どれからいこうかな?まずはTimbaland。Timbalandは前半のハイライトともいえる2曲を担当していて、Timbaland自身がラップでも登場する煌びやかでメロディアスなナンバー『Anonymous』、DTPの親分Ludacrisのラップをフィーチャーした粘着性たっぷりの『Rearview(Ridin')』と、どちらもBobbyとの相性はバッチリ。Justin Timberlake作品とはまた違った良さを感じますね。
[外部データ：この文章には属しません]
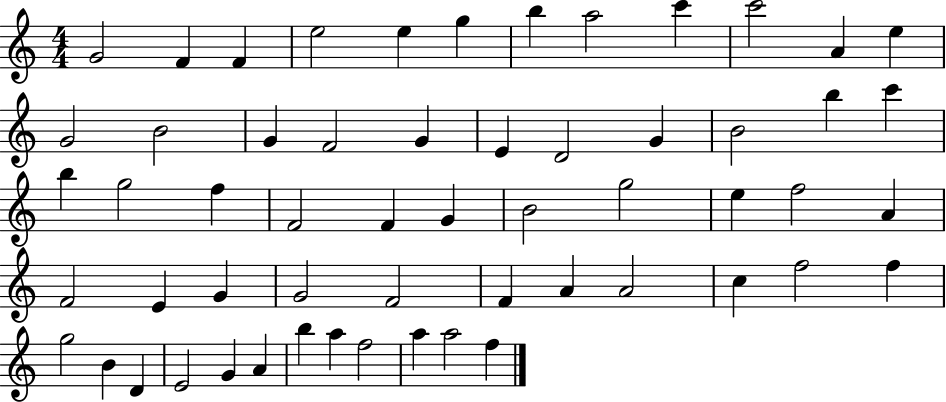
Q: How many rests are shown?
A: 0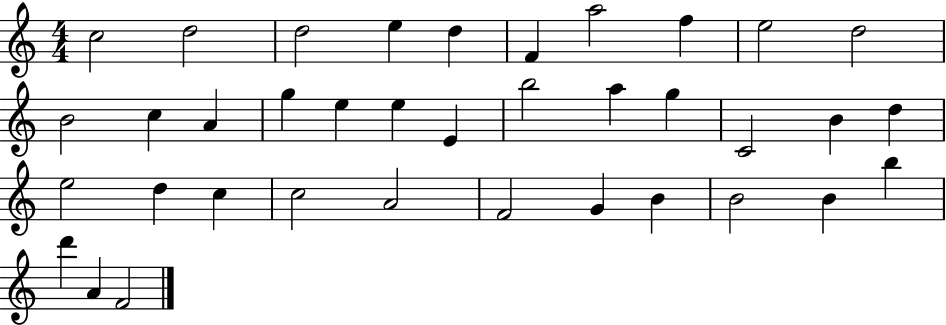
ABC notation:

X:1
T:Untitled
M:4/4
L:1/4
K:C
c2 d2 d2 e d F a2 f e2 d2 B2 c A g e e E b2 a g C2 B d e2 d c c2 A2 F2 G B B2 B b d' A F2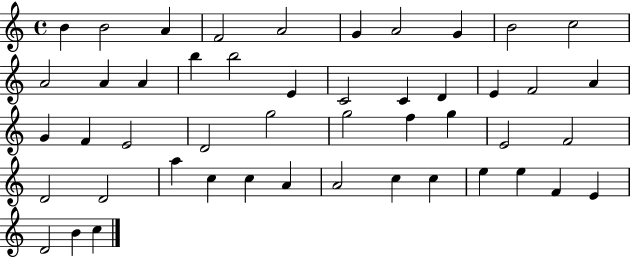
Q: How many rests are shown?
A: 0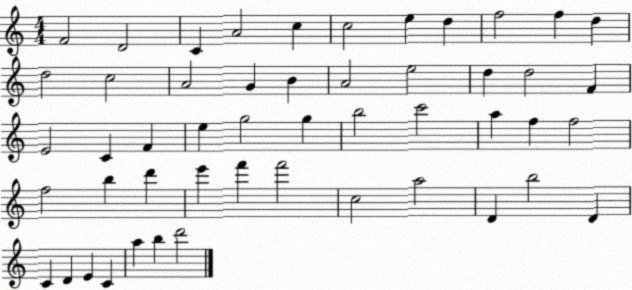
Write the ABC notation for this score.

X:1
T:Untitled
M:4/4
L:1/4
K:C
F2 D2 C A2 c c2 e d f2 f d d2 c2 A2 G B A2 e2 d d2 F E2 C F e g2 g b2 c'2 a f f2 f2 b d' e' f' f'2 c2 a2 D b2 D C D E C a b d'2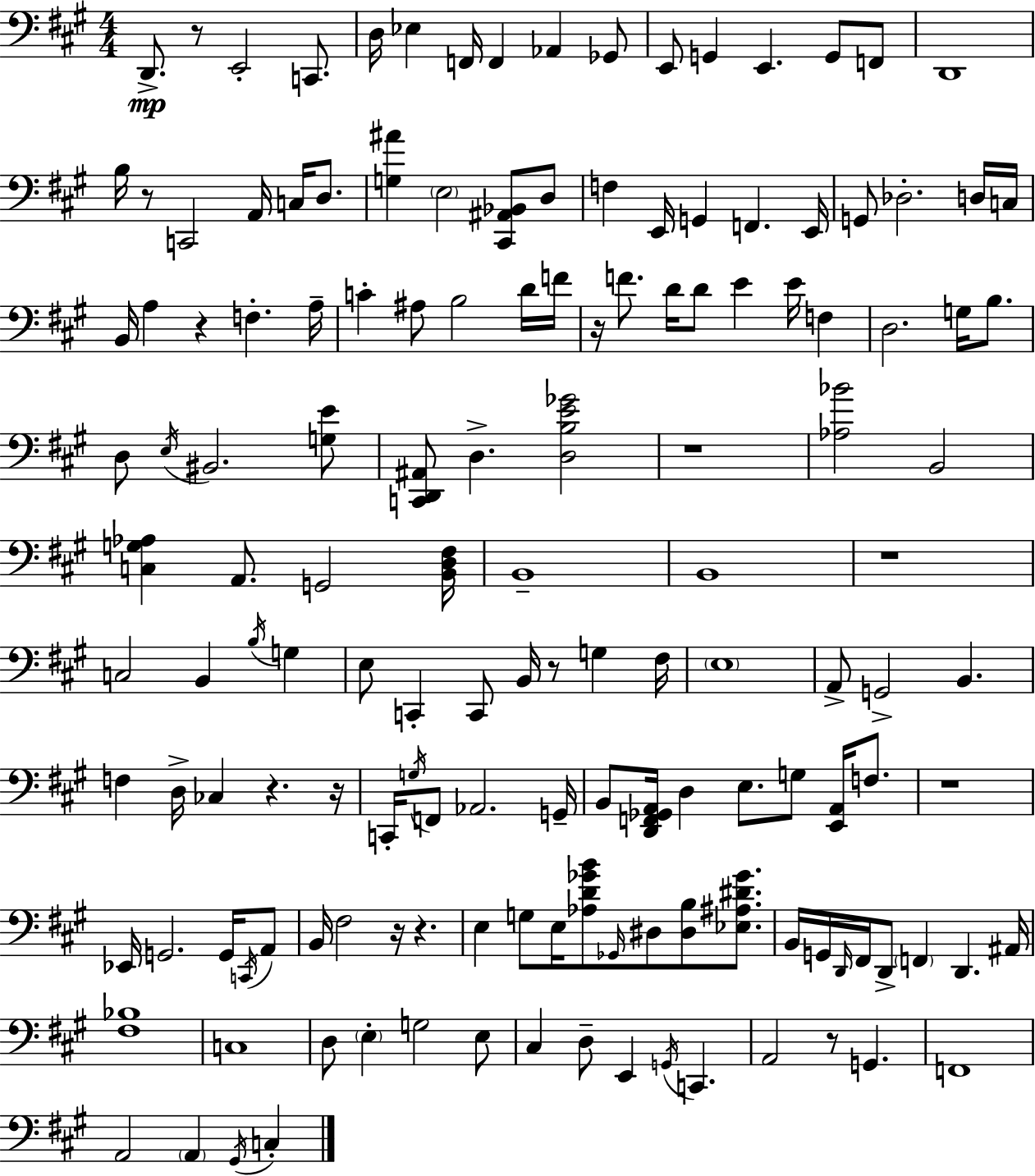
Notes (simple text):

D2/e. R/e E2/h C2/e. D3/s Eb3/q F2/s F2/q Ab2/q Gb2/e E2/e G2/q E2/q. G2/e F2/e D2/w B3/s R/e C2/h A2/s C3/s D3/e. [G3,A#4]/q E3/h [C#2,A#2,Bb2]/e D3/e F3/q E2/s G2/q F2/q. E2/s G2/e Db3/h. D3/s C3/s B2/s A3/q R/q F3/q. A3/s C4/q A#3/e B3/h D4/s F4/s R/s F4/e. D4/s D4/e E4/q E4/s F3/q D3/h. G3/s B3/e. D3/e E3/s BIS2/h. [G3,E4]/e [C2,D2,A#2]/e D3/q. [D3,B3,E4,Gb4]/h R/w [Ab3,Bb4]/h B2/h [C3,G3,Ab3]/q A2/e. G2/h [B2,D3,F#3]/s B2/w B2/w R/w C3/h B2/q B3/s G3/q E3/e C2/q C2/e B2/s R/e G3/q F#3/s E3/w A2/e G2/h B2/q. F3/q D3/s CES3/q R/q. R/s C2/s G3/s F2/e Ab2/h. G2/s B2/e [D2,F2,Gb2,A2]/s D3/q E3/e. G3/e [E2,A2]/s F3/e. R/w Eb2/s G2/h. G2/s C2/s A2/e B2/s F#3/h R/s R/q. E3/q G3/e E3/s [Ab3,D4,Gb4,B4]/e Gb2/s D#3/e [D#3,B3]/e [Eb3,A#3,D#4,Gb4]/e. B2/s G2/s D2/s F#2/s D2/e F2/q D2/q. A#2/s [F#3,Bb3]/w C3/w D3/e E3/q G3/h E3/e C#3/q D3/e E2/q G2/s C2/q. A2/h R/e G2/q. F2/w A2/h A2/q G#2/s C3/q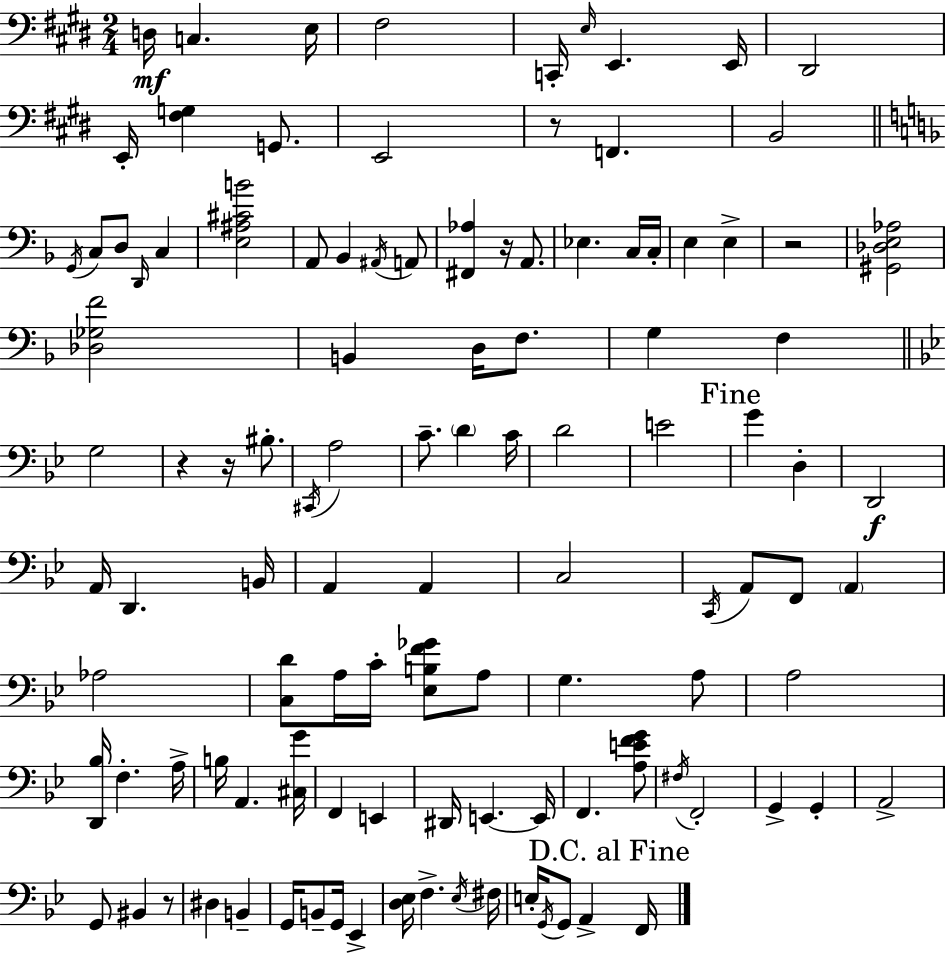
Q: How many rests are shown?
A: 6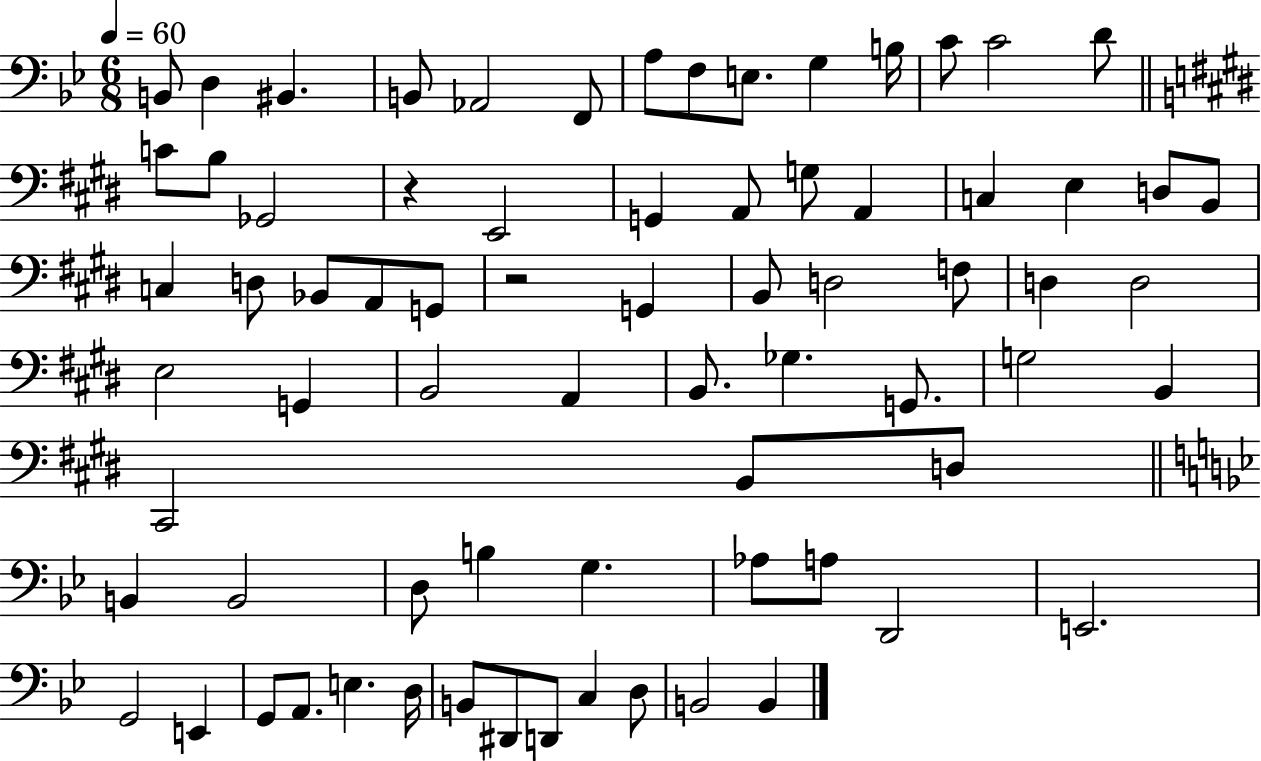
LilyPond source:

{
  \clef bass
  \numericTimeSignature
  \time 6/8
  \key bes \major
  \tempo 4 = 60
  \repeat volta 2 { b,8 d4 bis,4. | b,8 aes,2 f,8 | a8 f8 e8. g4 b16 | c'8 c'2 d'8 | \break \bar "||" \break \key e \major c'8 b8 ges,2 | r4 e,2 | g,4 a,8 g8 a,4 | c4 e4 d8 b,8 | \break c4 d8 bes,8 a,8 g,8 | r2 g,4 | b,8 d2 f8 | d4 d2 | \break e2 g,4 | b,2 a,4 | b,8. ges4. g,8. | g2 b,4 | \break cis,2 b,8 d8 | \bar "||" \break \key g \minor b,4 b,2 | d8 b4 g4. | aes8 a8 d,2 | e,2. | \break g,2 e,4 | g,8 a,8. e4. d16 | b,8 dis,8 d,8 c4 d8 | b,2 b,4 | \break } \bar "|."
}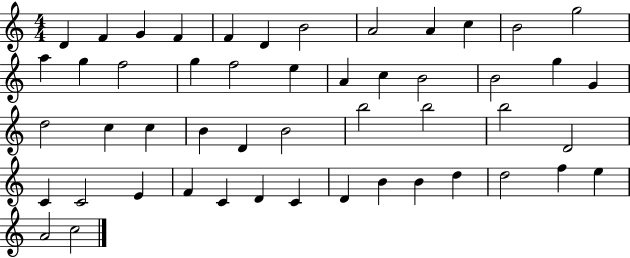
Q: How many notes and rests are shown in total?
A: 50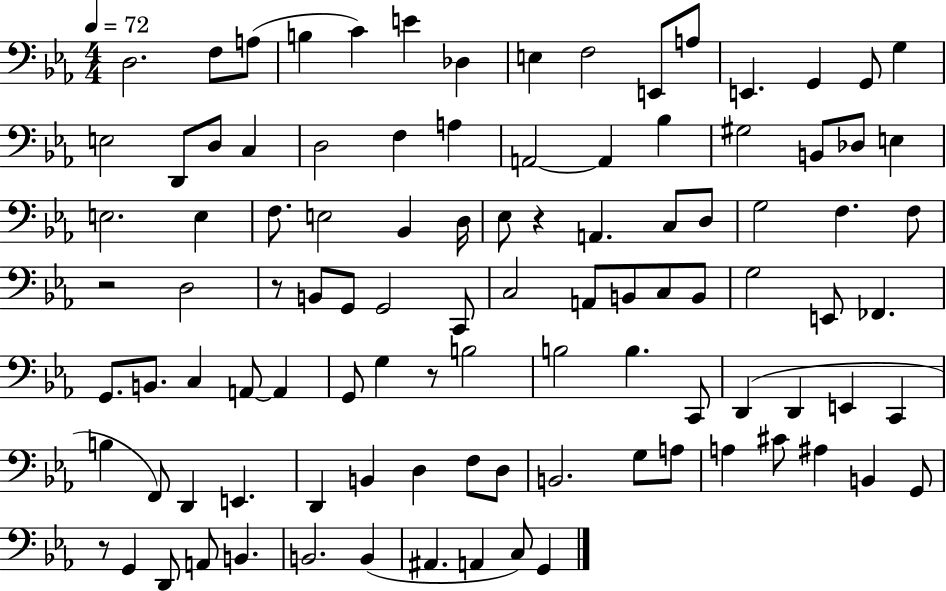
D3/h. F3/e A3/e B3/q C4/q E4/q Db3/q E3/q F3/h E2/e A3/e E2/q. G2/q G2/e G3/q E3/h D2/e D3/e C3/q D3/h F3/q A3/q A2/h A2/q Bb3/q G#3/h B2/e Db3/e E3/q E3/h. E3/q F3/e. E3/h Bb2/q D3/s Eb3/e R/q A2/q. C3/e D3/e G3/h F3/q. F3/e R/h D3/h R/e B2/e G2/e G2/h C2/e C3/h A2/e B2/e C3/e B2/e G3/h E2/e FES2/q. G2/e. B2/e. C3/q A2/e A2/q G2/e G3/q R/e B3/h B3/h B3/q. C2/e D2/q D2/q E2/q C2/q B3/q F2/e D2/q E2/q. D2/q B2/q D3/q F3/e D3/e B2/h. G3/e A3/e A3/q C#4/e A#3/q B2/q G2/e R/e G2/q D2/e A2/e B2/q. B2/h. B2/q A#2/q. A2/q C3/e G2/q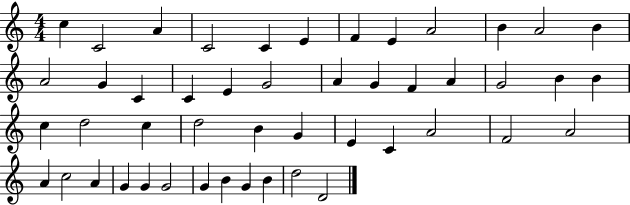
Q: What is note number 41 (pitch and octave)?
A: G4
お次はBobby作品のキーパーソンTim & Bobがプロデュースしたナンバー。Bobbyのヴォーカルとアコギが哀愁たっぷりに絡まる『Only Human』、職人Tim & Bobならではの美メロ具合に股間はグッショリな『Can't Wait 'Til Later』、しっとり丁寧に歌い上げるスロウ『I Was Wrong』、Babyfaceの美曲カバーに挑んだ『Soon As I Get Home』、そして本作を〆るに相応しいアコースティックな『Right There(Thank You)』と、本作の後半を彩る力作の数々を提供。
上記2プロデューサーに負けじとRodney Jerkinsも手腕を発揮していて、Tim & Bobの十八番であるエキゾチックな幻想的ミッド・ナンバーをRodneyがやってのけた『If I Had My Way』、Bobbyの甘美なヴォーカルと硬質でどっしりとしたビートが織り成す好曲『Turn The Page』と、渾身のナンバーを提供しています。そしてSilk作品などでおなじみのDarrell Delite Allamby。本作が素晴らしいことを予告するような美しい幕開け曲『Intro』、ドラマティックなトラックに重厚なコーラスと聴く者の琴線を猛刺激する『Home Is Where You Belong』、浮遊感のある幻想的な音世界に包まれる『Over & Over』と、ベテランの意地を感じずにはいられない安定感抜群の3曲をプロデュース。
他の楽曲も抜かりないものばかりで、前作の美味しいところを踏襲したような『Checkin' For Me』、Bryan-Michael Coxお得意のピアノを前面に押し出した美曲『How 'Bout It』、A Touch Of JazzのAndre Harris & Vidal Davis手掛ける『Let Him Go』(Fabolous客演)、そしてリークされる前にアルバム曲として収録される予定だった曲をボーナストラックとして収録したSean Garrettプロデュースの2曲『Wreck』&『Let's Go』と、どの曲も進化したことを確実に垣間見れる秀逸作に仕上がっています。
Timbalandが関与すると知ったときは「Bobbyまでティンバか…」と意気消沈したけど、アルバムとしての出来は問題ないですね。前作も良かったけど、今回も珠玉のナンバーのフルコースで満足度は大。大変おいしゅうございました。